I see. The use case makes sense to me.
Andrii's retsnoop is used to do similar thing before kprobe multi was
introduced.

> The shared trampoline you mentioned seems to be a
> wonderful idea, which can make the 200 trampolines
> to one. Let me have a look, we create a trampoline and
> record the max args count of all the target functions, let's
> mark it as arg_count.
>
> During generating the trampoline, we assume that the
> function args count is arg_count.
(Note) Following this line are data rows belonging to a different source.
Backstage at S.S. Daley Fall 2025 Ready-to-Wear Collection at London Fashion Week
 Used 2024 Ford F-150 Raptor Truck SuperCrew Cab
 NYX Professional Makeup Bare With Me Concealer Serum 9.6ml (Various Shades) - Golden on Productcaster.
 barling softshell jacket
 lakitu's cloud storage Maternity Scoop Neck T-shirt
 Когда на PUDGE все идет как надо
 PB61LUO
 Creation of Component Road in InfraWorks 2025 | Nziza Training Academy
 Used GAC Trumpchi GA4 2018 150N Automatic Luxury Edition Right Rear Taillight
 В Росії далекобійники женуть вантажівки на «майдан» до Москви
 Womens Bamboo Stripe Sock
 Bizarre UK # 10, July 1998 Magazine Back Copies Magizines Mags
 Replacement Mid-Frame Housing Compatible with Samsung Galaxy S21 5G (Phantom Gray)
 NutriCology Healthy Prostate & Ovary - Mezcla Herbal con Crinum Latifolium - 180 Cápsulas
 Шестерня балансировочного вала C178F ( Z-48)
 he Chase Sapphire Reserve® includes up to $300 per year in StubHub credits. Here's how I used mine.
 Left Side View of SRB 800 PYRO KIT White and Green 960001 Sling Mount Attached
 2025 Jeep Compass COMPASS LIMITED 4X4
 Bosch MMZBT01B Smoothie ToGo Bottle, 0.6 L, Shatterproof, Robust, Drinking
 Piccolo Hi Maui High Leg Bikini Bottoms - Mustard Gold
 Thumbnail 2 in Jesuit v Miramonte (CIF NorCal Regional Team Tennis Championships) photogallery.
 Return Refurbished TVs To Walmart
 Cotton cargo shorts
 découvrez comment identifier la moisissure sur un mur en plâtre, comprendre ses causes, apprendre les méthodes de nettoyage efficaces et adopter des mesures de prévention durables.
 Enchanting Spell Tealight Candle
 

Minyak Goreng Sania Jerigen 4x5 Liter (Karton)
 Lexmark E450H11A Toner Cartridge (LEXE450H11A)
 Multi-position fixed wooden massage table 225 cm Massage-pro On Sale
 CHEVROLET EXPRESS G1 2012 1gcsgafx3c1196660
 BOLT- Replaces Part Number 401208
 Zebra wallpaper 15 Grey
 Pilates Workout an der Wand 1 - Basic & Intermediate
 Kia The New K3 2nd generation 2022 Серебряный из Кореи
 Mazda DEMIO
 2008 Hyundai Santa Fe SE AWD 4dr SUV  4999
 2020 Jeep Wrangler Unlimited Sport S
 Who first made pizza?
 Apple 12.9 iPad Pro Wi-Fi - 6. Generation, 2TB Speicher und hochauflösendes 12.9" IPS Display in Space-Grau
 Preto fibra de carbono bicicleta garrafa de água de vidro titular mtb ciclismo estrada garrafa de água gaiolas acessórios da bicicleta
During attaching, we
> check the consistency of all the target functions, just like
> what we do now.

For one trampoline to handle all attach points we might
need some arch support, but we can start simple.
Make btf_func_model with MAX_BPF_FUNC_REG_ARGS
by calling btf_distill_func_proto() with func==NULL.
And use that to build a trampoline.

The challenge is how to use minimal number of trampolines
when bpf_progA is attached for func1, func2, func3
and bpf_progB is attached to func3, func4, func5.
We'd still need 3 trampolines:
for func[12] to call bpf_progA,
for func3 to call bpf_progA and bpf_progB,
for func[45] to call bpf_progB.

Jiri was trying to solve it in the past. His slides from LPC:
https://lpc.events/event/16/contributions/1350/attachments/1033/1983/plumbers.pdf

Pls study them and his prior patchsets to avoid stepping on the same rakes.